### WORK INSTRUCTIONS
Find the line below with "Sweet Apple Kiss" and the line with "Maynuo Boys Red". Output them and the lines between, exactly, but not the pictures.

### RECORDS SHOWN

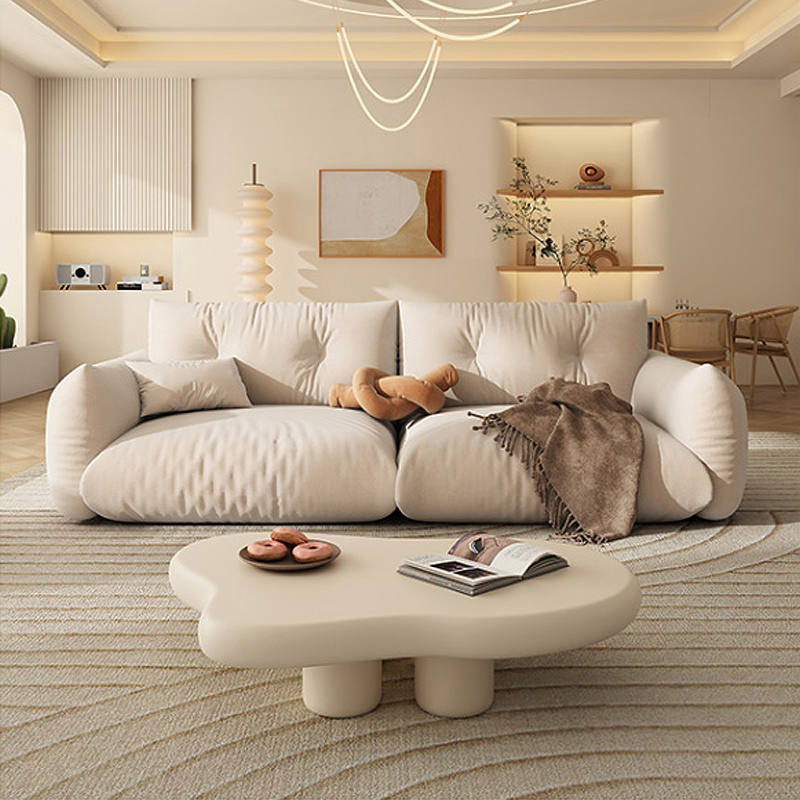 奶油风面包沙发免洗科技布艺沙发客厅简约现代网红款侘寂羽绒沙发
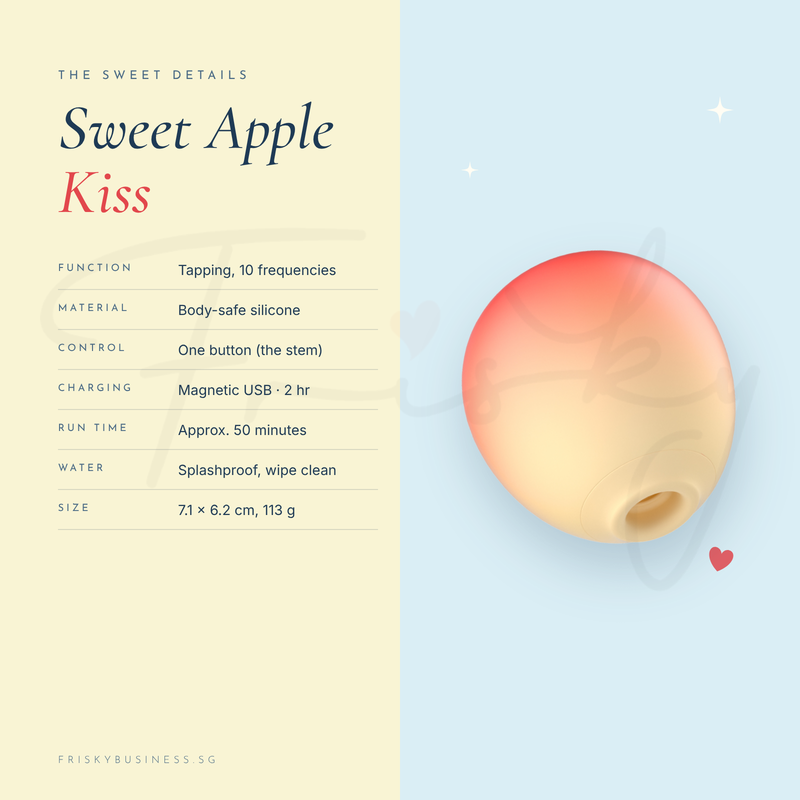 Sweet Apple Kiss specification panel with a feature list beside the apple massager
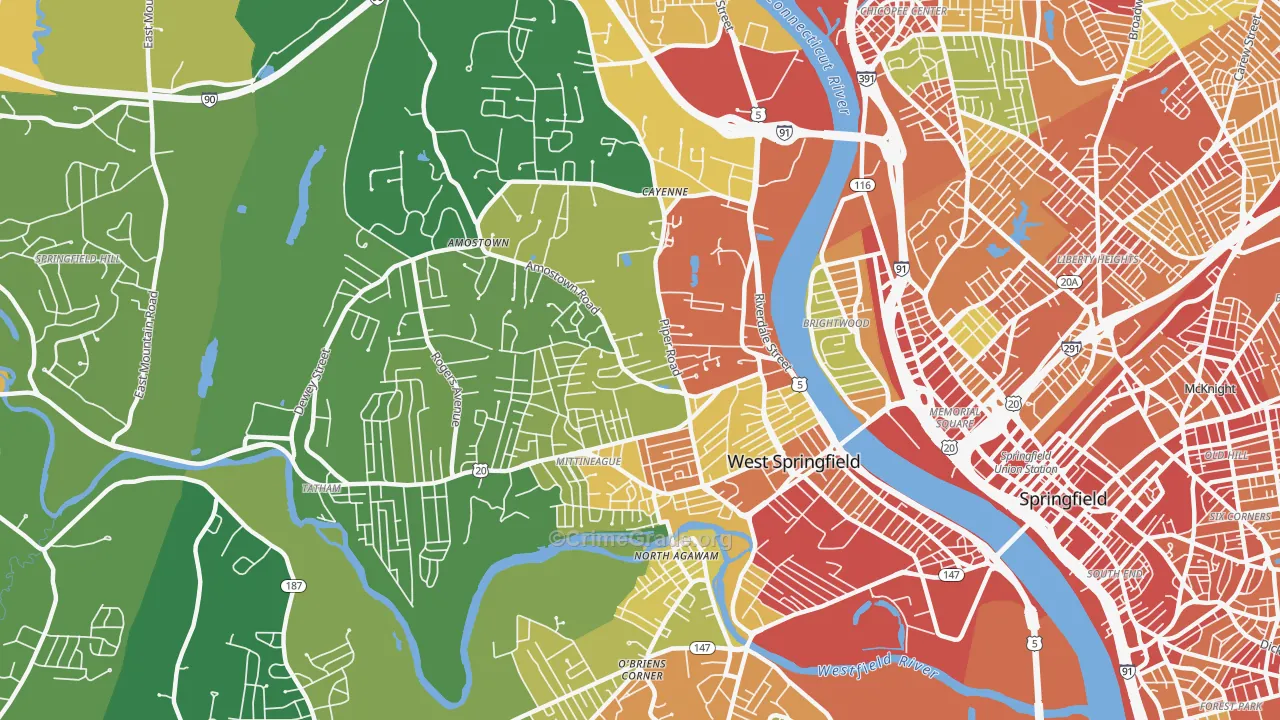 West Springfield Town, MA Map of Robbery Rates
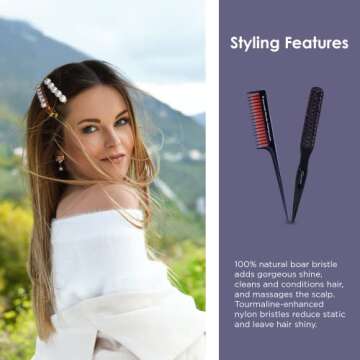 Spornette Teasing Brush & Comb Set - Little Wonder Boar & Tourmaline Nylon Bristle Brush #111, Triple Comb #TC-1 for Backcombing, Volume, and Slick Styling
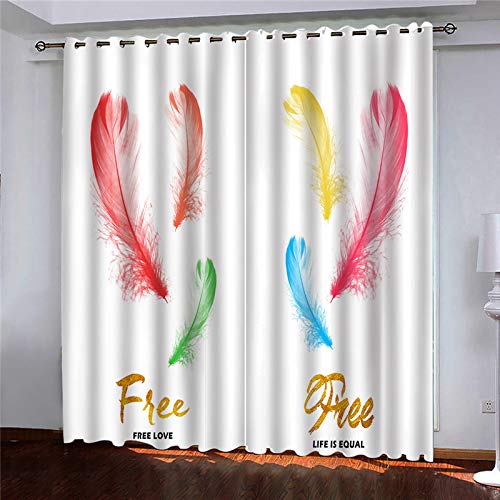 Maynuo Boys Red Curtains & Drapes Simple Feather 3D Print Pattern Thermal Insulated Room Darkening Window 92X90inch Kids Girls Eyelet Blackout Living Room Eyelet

* * *

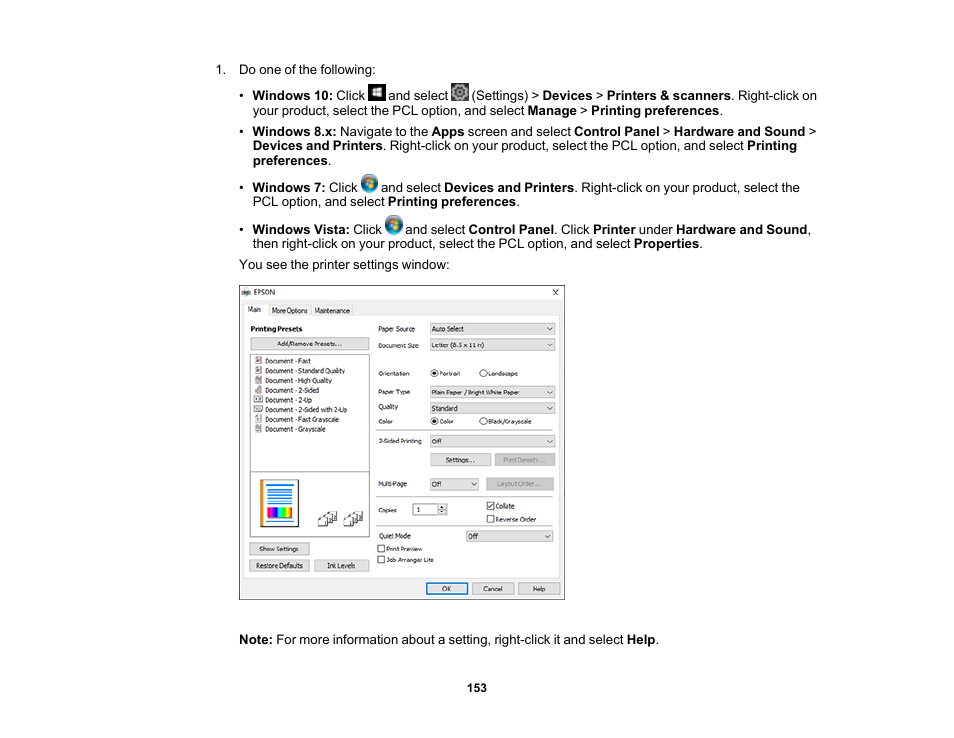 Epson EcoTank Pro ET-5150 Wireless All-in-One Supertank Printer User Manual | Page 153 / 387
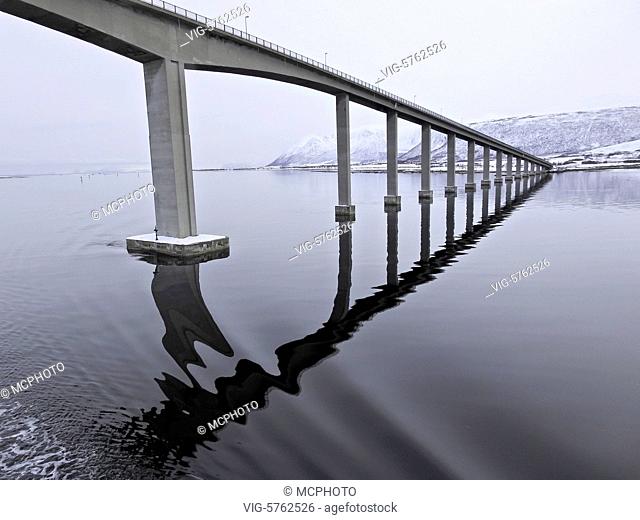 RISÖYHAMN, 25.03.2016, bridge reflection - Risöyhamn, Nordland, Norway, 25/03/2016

### WRITTEN ANSWER
 Sweet Apple Kiss specification panel with a feature list beside the apple massager
 West Springfield Town, MA Map of Robbery Rates
 Spornette Teasing Brush & Comb Set - Little Wonder Boar & Tourmaline Nylon Bristle Brush #111, Triple Comb #TC-1 for Backcombing, Volume, and Slick Styling
 Maynuo Boys Red Curtains & Drapes Simple Feather 3D Print Pattern Thermal Insulated Room Darkening Window 92X90inch Kids Girls Eyelet Blackout Living Room Eyelet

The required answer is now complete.